Appendix A: Proof of Lemma 1

We start the proof of Lemma 1 with the following a technical lemma.

Lemma 5

Let \({\mathcal {F}}\) be a class of contraction-preserving c.c.p. functions (see Definition 3), and let \(S=\{(x_i,g_i,f_i)\}_{i\in I^*_N}\) be an \({\mathcal {F}}\)-interpolable set satisfying

$$\begin{aligned}&{\left\langle g_i, g_j\right\rangle }=0, \quad \text {for all } 0\le j<i=1,\ldots ,N,\end{aligned}$$
$$\begin{aligned}&{\left\langle g_i, x_j-x_0\right\rangle }=0,\quad \text {for all } 1\le j\le i=1,\ldots ,N, \end{aligned}$$

then there exists \(\{{\hat{x}}_i\}_{i\in I^*_N}\subset \mathbb {R}^d\) such that the set \({\hat{S}}=\{({\hat{x}}_i,g_i,f_i)\}_{i\in I^*_N}\) is \({\mathcal {F}}\)-interpolable, and

$$\begin{aligned}&{\left||{\hat{x}}_0 - {\hat{x}}_*\right||}\le {\left||x_0-x_*\right||}, \end{aligned}$$
$$\begin{aligned}&{\hat{x}}_i \in {\hat{x}}_0 + \mathrm {span}\{g_0,\ldots ,g_{i-1}\},\quad {i=0,\ldots , N}. \end{aligned}$$


By the orthogonal decomposition theorem there exists \(\{h_{i,j}\}_{0\le j<i\le N} \subset \mathbb {R}\) and \(\{v_i\}_{0\le i\le N} \subset \mathbb {R}^d\) with \({\left\langle g_k, v_i\right\rangle }=0\) for all \(0\le k<i \le N\) such that

$$\begin{aligned} x_i&=x_0-\sum _{j=0}^{i-1} h_{i,j}g_j +v_i, \quad { i=0,\ldots , N}, \end{aligned}$$

furthermore, there exist \(r_*\in \mathbb {R}^d\) satisfying \({\left\langle r_*, v_j\right\rangle }=0\) for all \(0\le j \le N\) and some \(\{\nu _{j}\}_{0\le j\le N}\subset \mathbb {R}\), such that

$$\begin{aligned} x_*=x_0 + \sum _{j=0}^N \nu _{j}v_j + r_*. \end{aligned}$$

By (23) and (24) it then follows that for all \(k\ge i\)

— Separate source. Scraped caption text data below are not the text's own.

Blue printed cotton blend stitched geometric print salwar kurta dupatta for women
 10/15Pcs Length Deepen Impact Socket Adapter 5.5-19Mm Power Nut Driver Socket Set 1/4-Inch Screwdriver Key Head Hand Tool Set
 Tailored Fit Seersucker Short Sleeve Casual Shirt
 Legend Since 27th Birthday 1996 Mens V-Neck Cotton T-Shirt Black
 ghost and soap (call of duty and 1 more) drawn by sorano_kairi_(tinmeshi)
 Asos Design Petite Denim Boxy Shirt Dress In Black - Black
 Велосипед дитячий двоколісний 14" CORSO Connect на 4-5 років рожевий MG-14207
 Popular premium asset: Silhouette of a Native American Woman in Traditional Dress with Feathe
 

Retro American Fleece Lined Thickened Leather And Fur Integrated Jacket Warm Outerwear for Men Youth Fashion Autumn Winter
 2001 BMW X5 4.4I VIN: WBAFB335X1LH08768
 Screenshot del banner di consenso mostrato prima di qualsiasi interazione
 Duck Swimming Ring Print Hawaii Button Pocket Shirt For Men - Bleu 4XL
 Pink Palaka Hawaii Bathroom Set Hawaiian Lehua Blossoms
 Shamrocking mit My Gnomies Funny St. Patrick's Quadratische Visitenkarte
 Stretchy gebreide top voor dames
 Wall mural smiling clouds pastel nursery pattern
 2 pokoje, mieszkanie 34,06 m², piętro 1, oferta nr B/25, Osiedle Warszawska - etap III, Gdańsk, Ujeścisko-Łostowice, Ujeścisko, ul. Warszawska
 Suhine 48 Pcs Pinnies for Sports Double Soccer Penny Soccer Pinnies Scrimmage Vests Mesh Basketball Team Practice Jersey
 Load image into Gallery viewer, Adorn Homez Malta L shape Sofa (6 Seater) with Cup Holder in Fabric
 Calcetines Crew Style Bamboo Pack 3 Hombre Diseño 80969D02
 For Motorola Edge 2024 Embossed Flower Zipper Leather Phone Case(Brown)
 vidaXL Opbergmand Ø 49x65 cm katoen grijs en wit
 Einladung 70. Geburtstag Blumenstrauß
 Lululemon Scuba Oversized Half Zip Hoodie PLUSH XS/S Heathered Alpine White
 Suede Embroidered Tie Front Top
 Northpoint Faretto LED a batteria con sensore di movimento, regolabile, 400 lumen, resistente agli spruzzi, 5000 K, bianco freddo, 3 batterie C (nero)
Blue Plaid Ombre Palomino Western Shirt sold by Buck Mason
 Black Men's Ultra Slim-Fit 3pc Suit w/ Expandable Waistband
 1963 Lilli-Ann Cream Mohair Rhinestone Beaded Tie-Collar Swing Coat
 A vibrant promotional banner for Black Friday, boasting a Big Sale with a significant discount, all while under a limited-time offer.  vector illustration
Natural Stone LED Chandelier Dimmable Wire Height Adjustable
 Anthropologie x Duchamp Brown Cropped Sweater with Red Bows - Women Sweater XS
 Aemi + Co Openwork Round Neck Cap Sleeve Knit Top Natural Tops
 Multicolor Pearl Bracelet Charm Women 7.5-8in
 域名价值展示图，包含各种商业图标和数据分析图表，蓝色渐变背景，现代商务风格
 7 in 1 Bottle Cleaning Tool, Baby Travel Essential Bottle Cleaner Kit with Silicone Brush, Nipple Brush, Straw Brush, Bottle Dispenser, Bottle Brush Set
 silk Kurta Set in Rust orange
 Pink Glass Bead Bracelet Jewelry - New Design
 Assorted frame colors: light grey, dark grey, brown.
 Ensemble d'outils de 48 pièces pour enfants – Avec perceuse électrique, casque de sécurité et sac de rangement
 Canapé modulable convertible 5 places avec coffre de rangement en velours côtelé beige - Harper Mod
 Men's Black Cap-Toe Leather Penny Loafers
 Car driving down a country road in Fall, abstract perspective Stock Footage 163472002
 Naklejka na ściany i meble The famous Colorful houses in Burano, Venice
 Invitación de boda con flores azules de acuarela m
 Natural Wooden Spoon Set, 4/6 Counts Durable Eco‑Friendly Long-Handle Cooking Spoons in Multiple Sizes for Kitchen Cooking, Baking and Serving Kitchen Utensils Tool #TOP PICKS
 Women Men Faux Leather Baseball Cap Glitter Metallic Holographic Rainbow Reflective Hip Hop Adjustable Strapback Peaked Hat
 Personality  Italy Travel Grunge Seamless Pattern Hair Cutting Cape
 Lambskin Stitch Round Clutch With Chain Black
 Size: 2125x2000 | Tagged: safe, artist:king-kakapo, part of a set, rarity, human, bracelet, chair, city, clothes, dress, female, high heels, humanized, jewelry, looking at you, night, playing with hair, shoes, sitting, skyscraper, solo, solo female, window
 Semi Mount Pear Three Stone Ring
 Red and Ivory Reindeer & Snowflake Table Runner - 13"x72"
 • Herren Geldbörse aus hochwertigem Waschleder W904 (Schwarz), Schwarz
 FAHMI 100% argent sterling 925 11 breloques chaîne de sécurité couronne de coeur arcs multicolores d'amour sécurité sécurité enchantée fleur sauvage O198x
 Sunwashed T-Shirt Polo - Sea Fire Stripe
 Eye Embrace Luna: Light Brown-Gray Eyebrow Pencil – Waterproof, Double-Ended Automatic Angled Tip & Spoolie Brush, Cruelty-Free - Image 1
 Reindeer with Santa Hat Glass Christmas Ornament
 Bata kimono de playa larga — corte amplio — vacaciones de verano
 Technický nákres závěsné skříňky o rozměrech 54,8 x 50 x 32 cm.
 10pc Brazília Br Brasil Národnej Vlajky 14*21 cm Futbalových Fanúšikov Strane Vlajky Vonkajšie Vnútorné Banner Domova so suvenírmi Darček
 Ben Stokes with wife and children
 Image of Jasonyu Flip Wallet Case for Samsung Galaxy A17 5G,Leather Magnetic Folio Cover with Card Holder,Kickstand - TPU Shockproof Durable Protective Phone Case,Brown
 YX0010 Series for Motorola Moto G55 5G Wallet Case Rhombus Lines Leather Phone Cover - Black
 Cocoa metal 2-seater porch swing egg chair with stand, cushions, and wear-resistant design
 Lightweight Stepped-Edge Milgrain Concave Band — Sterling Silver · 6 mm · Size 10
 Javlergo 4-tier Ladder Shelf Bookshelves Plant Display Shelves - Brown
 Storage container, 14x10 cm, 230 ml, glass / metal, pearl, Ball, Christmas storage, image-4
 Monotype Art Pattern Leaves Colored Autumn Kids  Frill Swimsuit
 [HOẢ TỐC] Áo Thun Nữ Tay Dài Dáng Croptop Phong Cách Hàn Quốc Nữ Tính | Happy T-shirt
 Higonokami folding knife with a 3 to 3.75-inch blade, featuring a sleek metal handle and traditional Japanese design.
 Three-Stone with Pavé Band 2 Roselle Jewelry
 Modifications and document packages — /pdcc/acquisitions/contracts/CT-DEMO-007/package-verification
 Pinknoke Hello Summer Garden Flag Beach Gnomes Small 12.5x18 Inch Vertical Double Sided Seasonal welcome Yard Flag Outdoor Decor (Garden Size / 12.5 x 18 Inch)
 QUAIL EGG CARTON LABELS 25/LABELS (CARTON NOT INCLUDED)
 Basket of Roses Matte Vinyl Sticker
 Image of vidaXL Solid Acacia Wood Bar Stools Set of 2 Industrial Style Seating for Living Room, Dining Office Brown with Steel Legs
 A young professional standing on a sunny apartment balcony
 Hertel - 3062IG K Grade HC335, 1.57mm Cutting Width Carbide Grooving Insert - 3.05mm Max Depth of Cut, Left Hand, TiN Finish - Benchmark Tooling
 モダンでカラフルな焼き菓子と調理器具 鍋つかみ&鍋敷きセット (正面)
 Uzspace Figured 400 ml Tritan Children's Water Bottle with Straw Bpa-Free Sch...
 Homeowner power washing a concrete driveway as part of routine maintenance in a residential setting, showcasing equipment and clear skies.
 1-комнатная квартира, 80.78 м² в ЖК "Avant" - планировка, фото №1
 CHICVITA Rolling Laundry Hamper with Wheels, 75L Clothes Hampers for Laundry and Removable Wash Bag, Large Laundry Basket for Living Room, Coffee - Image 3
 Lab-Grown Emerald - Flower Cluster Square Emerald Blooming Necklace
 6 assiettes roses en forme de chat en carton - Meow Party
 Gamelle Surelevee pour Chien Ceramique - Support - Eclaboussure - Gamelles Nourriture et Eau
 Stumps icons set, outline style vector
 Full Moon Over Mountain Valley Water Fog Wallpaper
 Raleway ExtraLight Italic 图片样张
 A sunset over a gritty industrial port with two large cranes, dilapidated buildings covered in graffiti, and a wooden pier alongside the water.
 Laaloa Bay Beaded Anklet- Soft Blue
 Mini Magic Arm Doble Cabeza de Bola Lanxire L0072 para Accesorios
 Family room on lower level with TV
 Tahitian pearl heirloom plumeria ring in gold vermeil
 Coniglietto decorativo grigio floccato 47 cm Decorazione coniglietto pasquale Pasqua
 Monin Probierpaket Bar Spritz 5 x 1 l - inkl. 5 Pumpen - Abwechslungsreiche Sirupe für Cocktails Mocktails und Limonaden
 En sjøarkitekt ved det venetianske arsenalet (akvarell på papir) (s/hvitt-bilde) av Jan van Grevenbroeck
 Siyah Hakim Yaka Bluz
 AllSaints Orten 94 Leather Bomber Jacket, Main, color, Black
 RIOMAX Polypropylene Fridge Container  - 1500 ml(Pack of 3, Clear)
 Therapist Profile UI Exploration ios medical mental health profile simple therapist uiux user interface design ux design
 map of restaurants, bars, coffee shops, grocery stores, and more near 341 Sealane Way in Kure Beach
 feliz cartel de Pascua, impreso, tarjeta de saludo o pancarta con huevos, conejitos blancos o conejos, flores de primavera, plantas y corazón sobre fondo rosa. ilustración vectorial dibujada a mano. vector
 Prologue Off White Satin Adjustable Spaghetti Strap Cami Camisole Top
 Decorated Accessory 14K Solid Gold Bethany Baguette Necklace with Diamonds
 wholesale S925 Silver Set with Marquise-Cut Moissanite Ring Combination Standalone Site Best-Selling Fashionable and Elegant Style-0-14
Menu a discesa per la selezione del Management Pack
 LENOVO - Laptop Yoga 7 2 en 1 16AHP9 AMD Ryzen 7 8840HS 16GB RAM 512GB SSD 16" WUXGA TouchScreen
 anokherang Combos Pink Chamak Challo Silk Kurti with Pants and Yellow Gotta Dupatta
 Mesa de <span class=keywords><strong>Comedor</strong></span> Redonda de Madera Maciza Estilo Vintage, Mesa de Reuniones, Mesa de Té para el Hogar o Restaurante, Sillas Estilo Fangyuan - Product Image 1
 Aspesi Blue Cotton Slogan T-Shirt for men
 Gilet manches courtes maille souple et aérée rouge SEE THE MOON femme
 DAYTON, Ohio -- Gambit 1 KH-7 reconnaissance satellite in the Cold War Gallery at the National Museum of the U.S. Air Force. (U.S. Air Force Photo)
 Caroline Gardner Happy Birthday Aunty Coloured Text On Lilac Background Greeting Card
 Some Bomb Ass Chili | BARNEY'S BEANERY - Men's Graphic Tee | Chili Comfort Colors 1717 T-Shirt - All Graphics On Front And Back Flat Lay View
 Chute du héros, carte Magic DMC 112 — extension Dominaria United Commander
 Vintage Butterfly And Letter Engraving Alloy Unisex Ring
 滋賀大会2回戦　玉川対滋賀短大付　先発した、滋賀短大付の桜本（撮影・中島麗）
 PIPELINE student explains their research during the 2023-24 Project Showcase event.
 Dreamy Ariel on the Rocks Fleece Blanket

$$\begin{aligned} {\left\langle g_k, v_i\right\rangle } = {\left\langle g_k, x_i-x_0+\sum _{j=0}^{i-1} h_{i,j} g_j\right\rangle } = 0, \end{aligned}$$

hence, together with the definition of \(v_i\), we get

$$\begin{aligned} {\left\langle g_k, v_i\right\rangle }=0, \quad {i,k=0,\ldots ,N}. \end{aligned}$$

Let us now choose \(\{{\hat{x}}_i\}_{i\in I^*_N}\) as follows:

$$\begin{aligned}&{\hat{x}}_0:=x_0,\\&{\hat{x}}_i:=x_0-\sum _{j=0}^{i-1} h_{i,j} g_j, \quad { i =0,\ldots , N}, \\&{\hat{x}}_* := x_0+r_*. \end{aligned}$$

It follows immediately from this definition that (26) holds, it thus remains to show that \({\hat{S}}\) is \({\mathcal {F}}\)-interpolable and that (25) holds.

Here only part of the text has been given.